The punter wasn't a bad sort, all things considered. Unusual tastes weren't necessarily associated with perverted manners. He paid Anna in cash and he dropped her right outside the door of Lambeth North tube station. It was, he said, pretty much on his way home—which meant that he could conceivably have been Isabel's next-door neighbor. Anna didn't ask for further details, and he wouldn't have told her the truth if she had. There was an etiquette in these matters which had to be observed.
By the time Anna got back to the cemetery the grave had been filled in. The gravedigger had arranged the wreaths in a pretty pattern on the freshly turned earth, which was carefully mounded so that it wouldn't sink into a hollow as it settled beneath the spring rains.
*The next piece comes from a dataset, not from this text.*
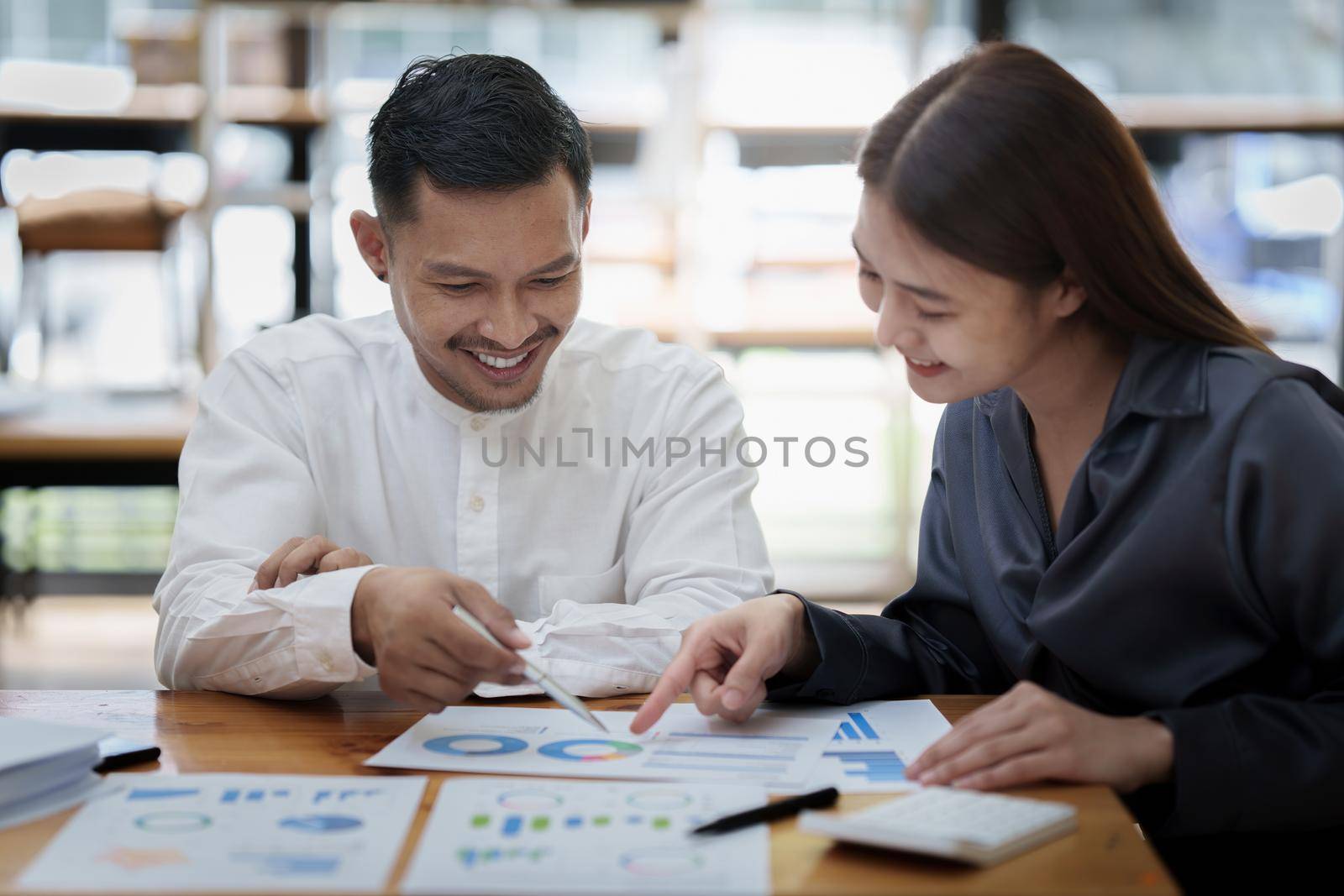 Two asian fund manager brainstorming new business project finance investment concept.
Anna studied the floral design very carefully before deciding exactly how to modify it to incorporate her own wreath.
She was a little surprised to note that her earlier impression had been mistaken; there were several wreaths made up of genetically engineered exotics. She quickly realized, however, that this was not a calculated expression of xenophilia so much as an ostentatious gesture of conspicuous consumption. Those of Alan's friends and relatives who were slightly better-off than the rest had simply taken the opportunity to prove the point.
When she had rearranged the wreaths she stood back, looking down at her handiwork.
“I didn't want any of this to happen,” she said. “In Paris, it might almost pass for romantic—man becomes infatuated with whore, recklessly smashes himself up in his car when she becomes infected with some almost-unprecedented kind of venereal disease—but in Pinner it's just absurd. You were a perfect fool, and I didn't even love you…but my mind got blown to hell and back by the side effects of my own mutated psychotropics, so maybe I would have if I could have. Who knows?”
I didn't want it to happen either, he said, struggling to get the words through the cloying blanket of her medication, which was deeply prejudiced against any and all hallucinations. It really was an accident. I'd got over the worst of the withdrawal symptoms. I'd have been okay. Maybe I'd even have been okay with Kitty, once I'd got it all out of my system. Maybe I could have begun to be what everybody wanted and expected me to be.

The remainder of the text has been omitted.